> [PROBLEM STATEMENT] When you reach the line below that has "Chapter 3: Water", start returning lines exactly, and stop after the line that has "This map shows"; skip the pictures.

> [INFORMATION GIVEN]
<<<<
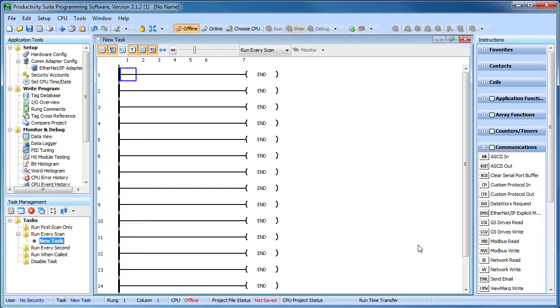And while I was using a Productivity 2000 in this demo, you would do the exact same thing for any of the Productivity Series controllers.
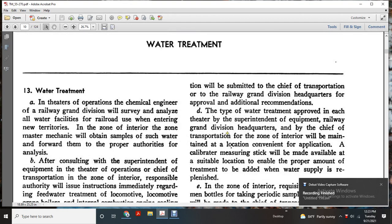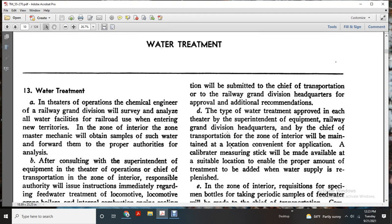Chapter 3: Water Treatment. The Theory of Operation and the Chemical Engineering of the Railroad Grand Division. We will survey and analyze all the water facilities of the Railroad, with the interim of the New Territory Zone.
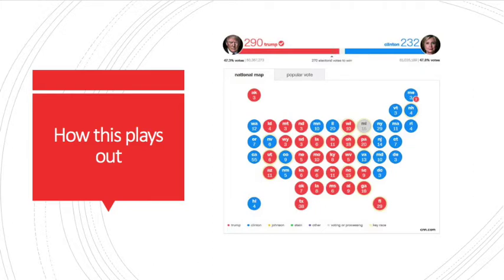This map shows which electors voted for each party in the past election, with red meaning Republican and blue meaning Democrat. And as you can see, Maine is split because they don't do winner-takes-all.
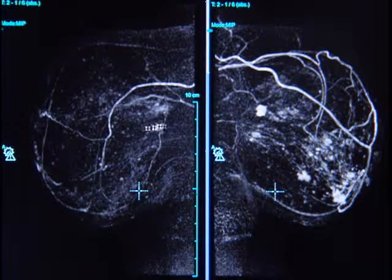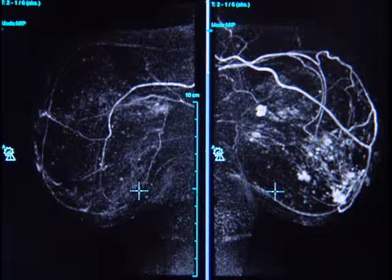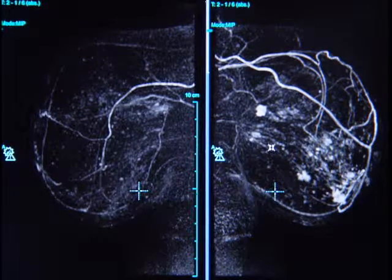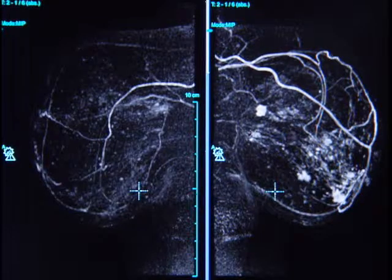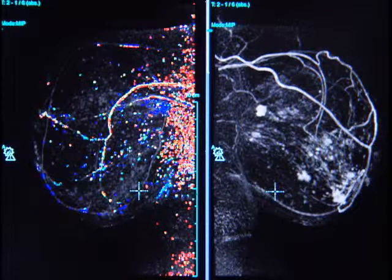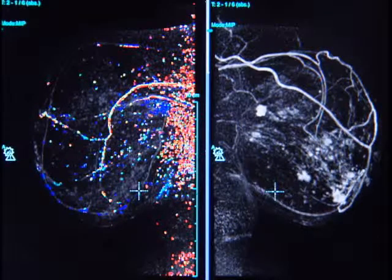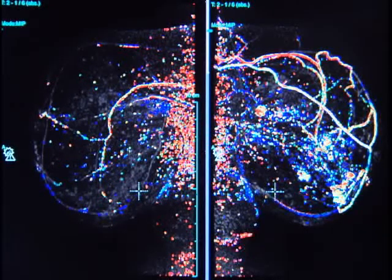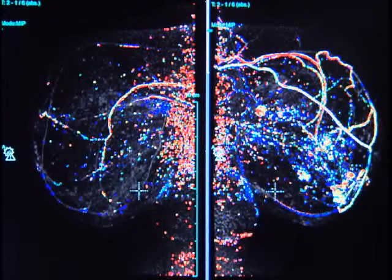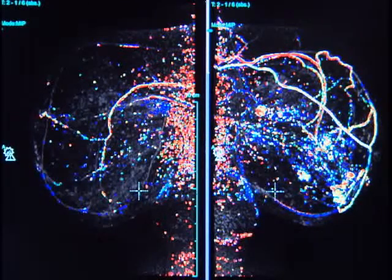You can see, in this case, the obvious asymmetry with multifocal areas of abnormal enhancement with speculated margins. Again, color parametric mapping can be applied to both of these abnormalities. And although there is some background noise, you can see that these areas in the left breast demonstrate high-threshold enhancement with washout kinetics.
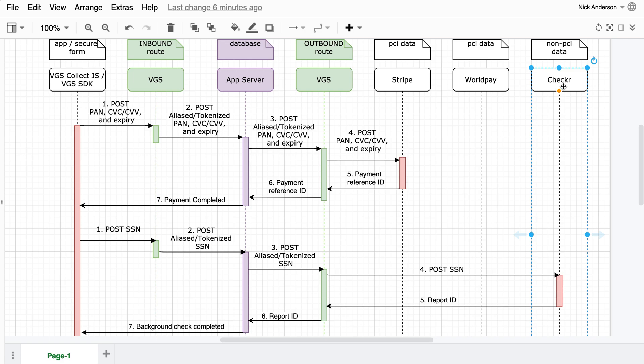Now, this brings you into scope, which requires you to go through some compliance hoops, which might take three months to even a year. This is where VGS comes in.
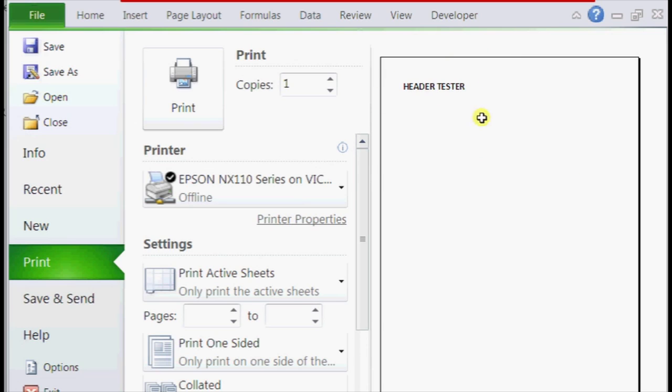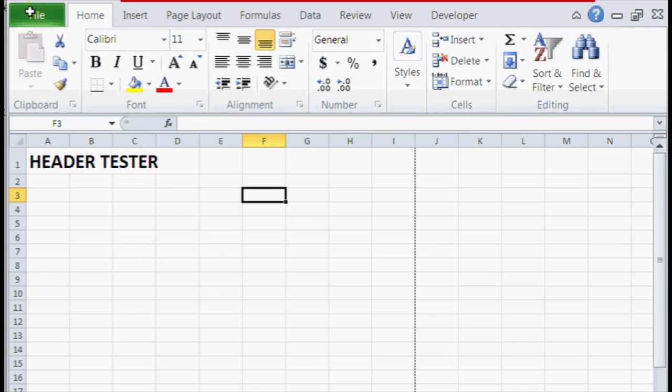And as you can see in the preview, our header is a little bit small, so to make it bigger we're just going to close out of this and back into our template.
>>>>
> [RESULT OF THE TASK]
Chapter 3: Water Treatment. The Theory of Operation and the Chemical Engineering of the Railroad Grand Division. We will survey and analyze all the water facilities of the Railroad, with the interim of the New Territory Zone.
This map shows which electors voted for each party in the past election, with red meaning Republican and blue meaning Democrat. And as you can see, Maine is split because they don't do winner-takes-all.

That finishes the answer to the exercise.